Air Vice-Marshal James gave the departing word to personnel of No. 426 Squadron RCAF on July 25, 1950, upon their participation in Operation Hawk, the RCAF codeword for the Korean Airlift. On August 1, 1951, he was promoted to Air Officer Commanding, Air Defence Command, RCAF. He was awarded the Queen Elizabeth II Coronation Medal on October 23, 1953, while still AOC, ADC.

Air Vice-Marshal James retired in 1957 and became president and general manager of Bristol Aero Engines Limited. The RCAF school for dependent children at RCAF Station St. Margarets was named "James Park School" in his honour. He died in 1964 and in 1966 the post office at RCAF Station St. Margarets was renamed to "Post Office James Park" in his honour as well.

James's citation for the CBE reads as follows:

This officer has rendered untiring and devoted service to the Royal Canadian Air Force over a long period of years. Since the outbreak of war, he has successively filled high executive positions in both Canada and the United States. This officer's display of energy, leadership and integrity, combined with a pleasing personality, has been an inspiration to all those with whom he comes in contact. His diligence, devotion to duty, keenness and conscientiousness in his every effort, and his ability and industry to complete the work in hand, have combined to make him an outstanding officer.
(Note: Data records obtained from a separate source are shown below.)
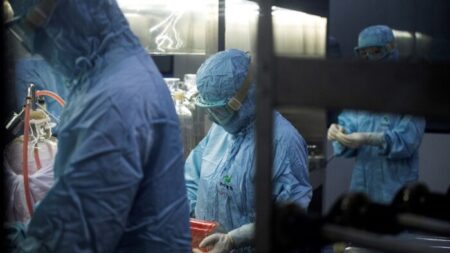 Ex-diretor de laboratório de virologia chinês morre de ‘doença súbita’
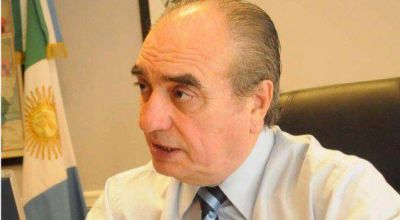 Renunci� Julio Sotelo por �diferencias� con Bacileff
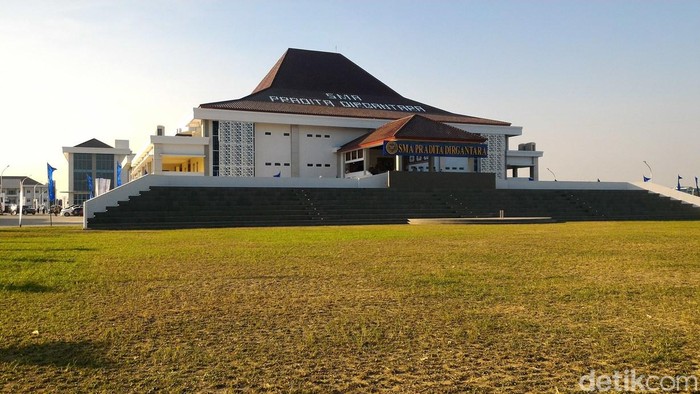 Peresmian SMA Pradita Dirgantara, Boyolali, Rabu (11/7/2018).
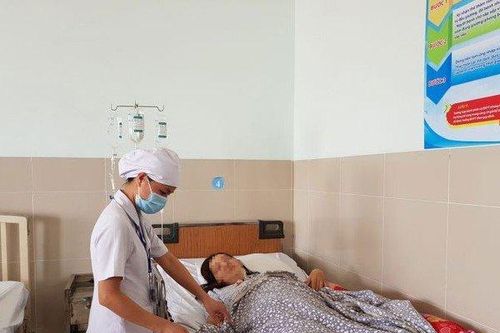 Cấp cứu thành công một bệnh nhân nữ có máu đục như sữa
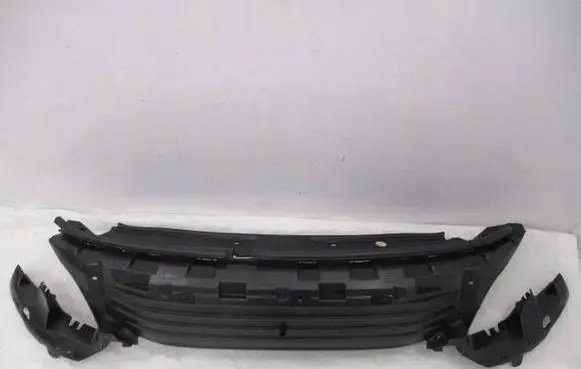 Peugeot 2008 I Front grill 9814133480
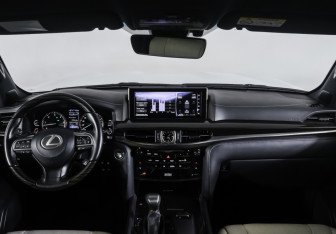 Подержанный автомобиль Lexus LX 2018 года (14 фото)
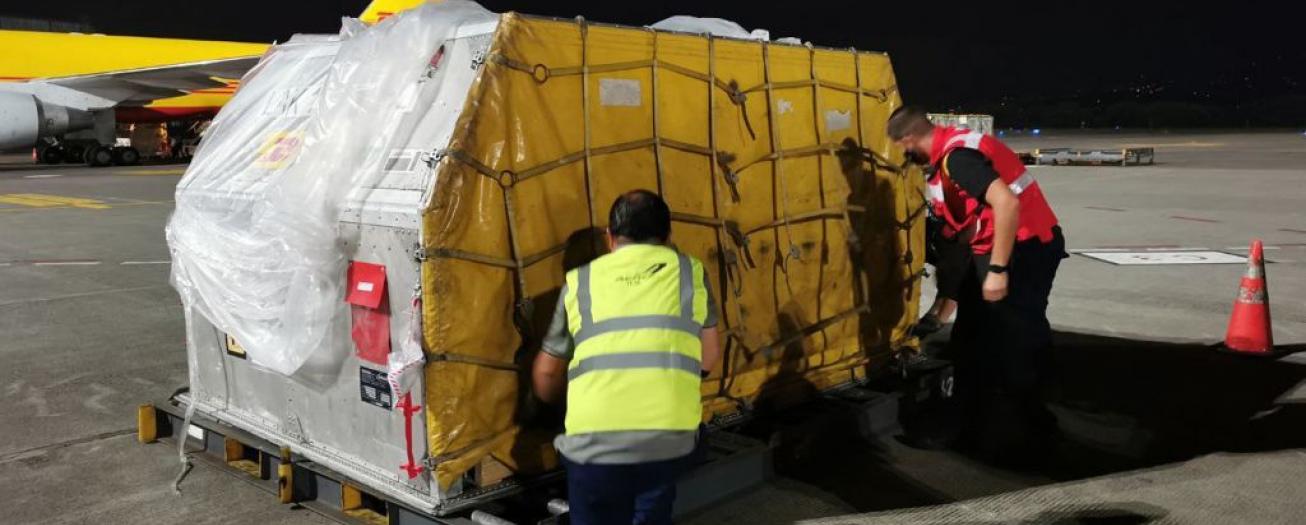 País recibe 157.950 dosis de Pfizer/BioNTech.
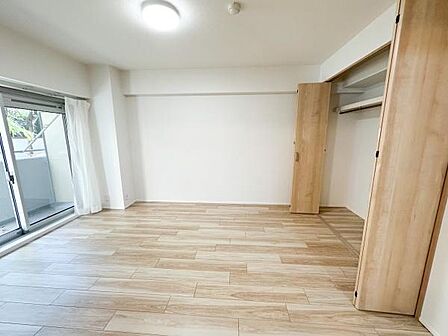 【同社施工例】現在リフォーム中の物件ですが、現地にて棟内の雰囲気や周辺環境をご確認いただけるほか、同社施工のリフォーム済みのお部屋もご覧いただけます。完成前もぜひお気軽にお問合せください♪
His citation for the Legion of Merit reads as follows:

Air Vice Marshal A.L. James, Royal Canadian Air Force, performed exceptionally meritorious service from November 1942 to December 1943. He served with marked distinction as Senior Air Staff Officer at Canadian Joint Staff Headquarters, Washington. His vital interest in all matters relating to cooperation between the United States Armed Forces and the Royal Canadian Air Force gained for him the highest regard of those with whom he so selflessly served. Air Vice Marshal James not only served on many highly important committees, but his pleasing but forceful personality contributed greatly to the fostering of goodwill and the interchange of intelligence which was of mutual value to both countries in the successful prosecution of the war.